Problem to solve — Please restate every line below exactly, without any pictures.

Dataset extract START

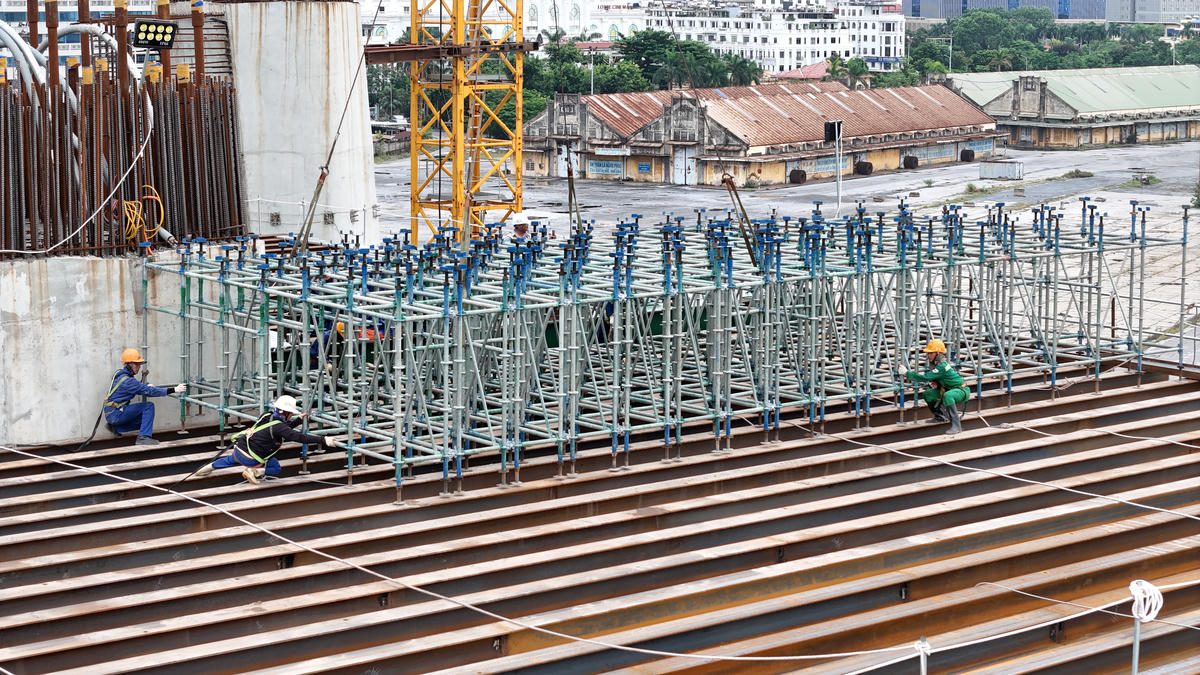 Đơn vị thi công chủ động bố trí nhân lực, vật lực tăng ca, tăng kíp để bảo đảm tiến độ dự án. Ảnh: Nguyễn Huệ. 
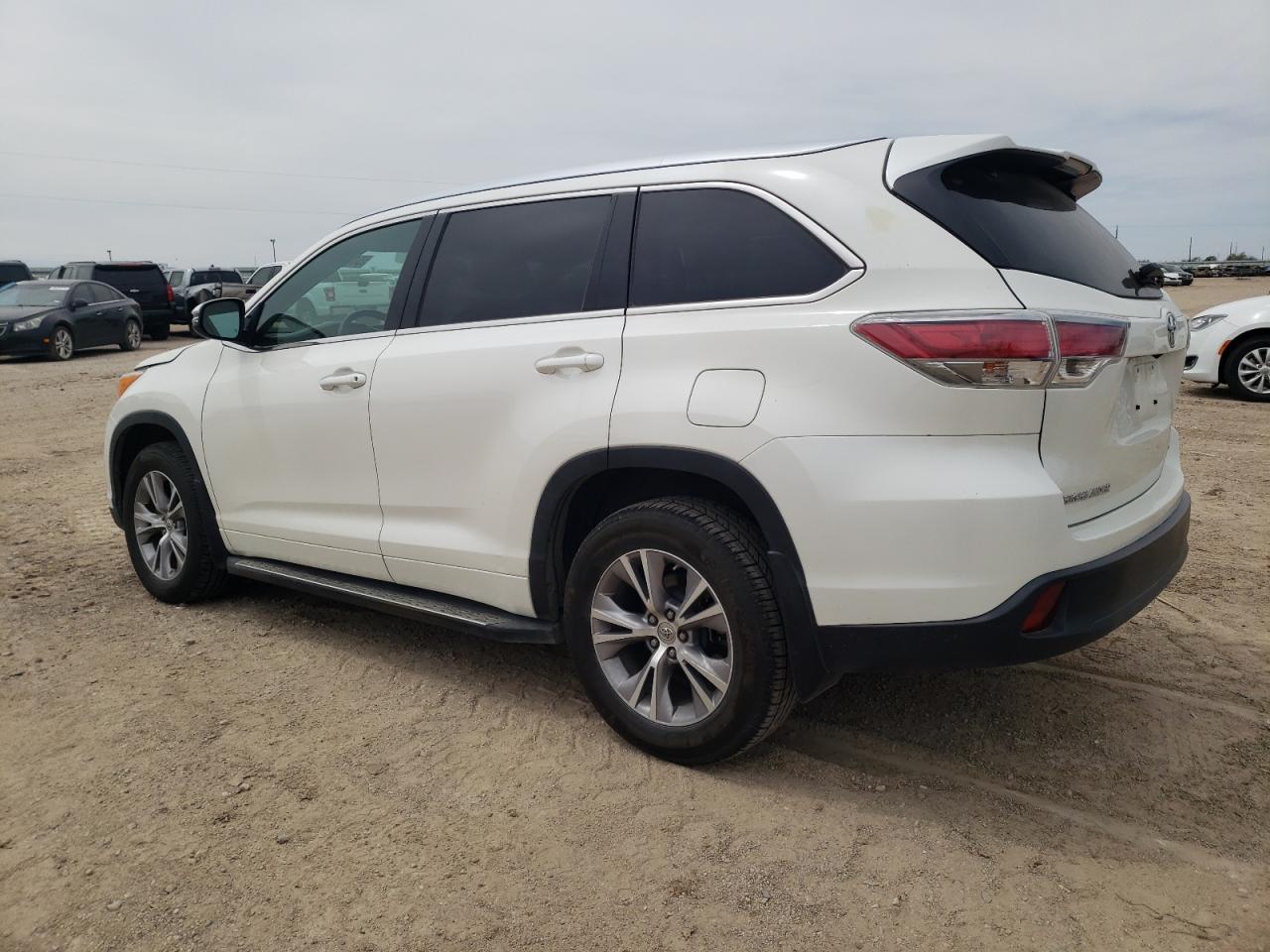 5TDKKRFH2ES008383 2014 Toyota Highlander Xle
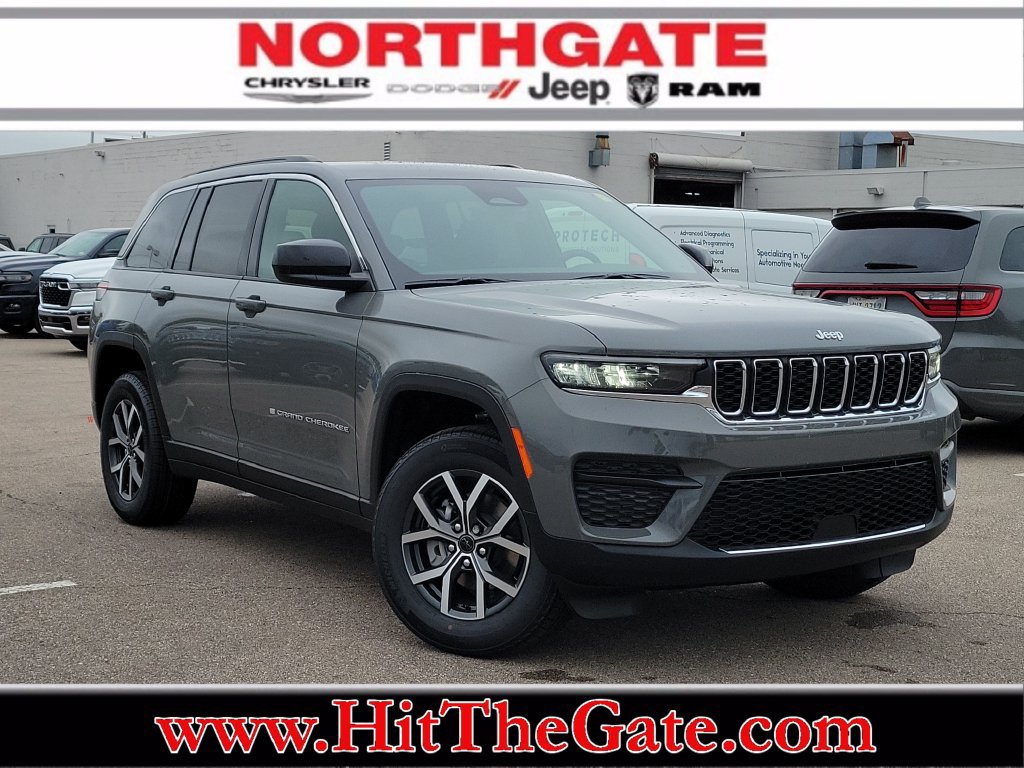 New 2027 Jeep Grand Cherokee Laredo X AWD/4WD image 1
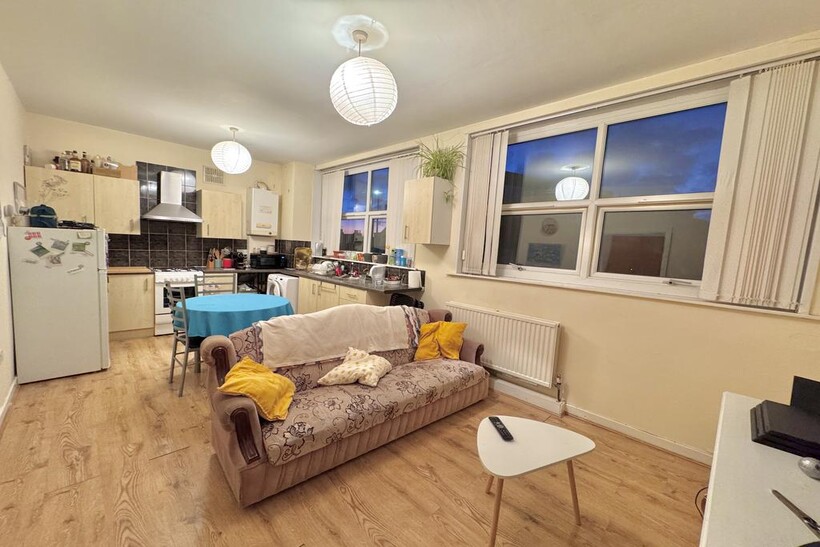  Roundhay Road, Leeds LS8 1 bed flat to rent - £675 pcm (£156 pw)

Dataset extract END

Your response —
 Đơn vị thi công chủ động bố trí nhân lực, vật lực tăng ca, tăng kíp để bảo đảm tiến độ dự án. Ảnh: Nguyễn Huệ. 
 5TDKKRFH2ES008383 2014 Toyota Highlander Xle
 New 2027 Jeep Grand Cherokee Laredo X AWD/4WD image 1
  Roundhay Road, Leeds LS8 1 bed flat to rent - £675 pcm (£156 pw)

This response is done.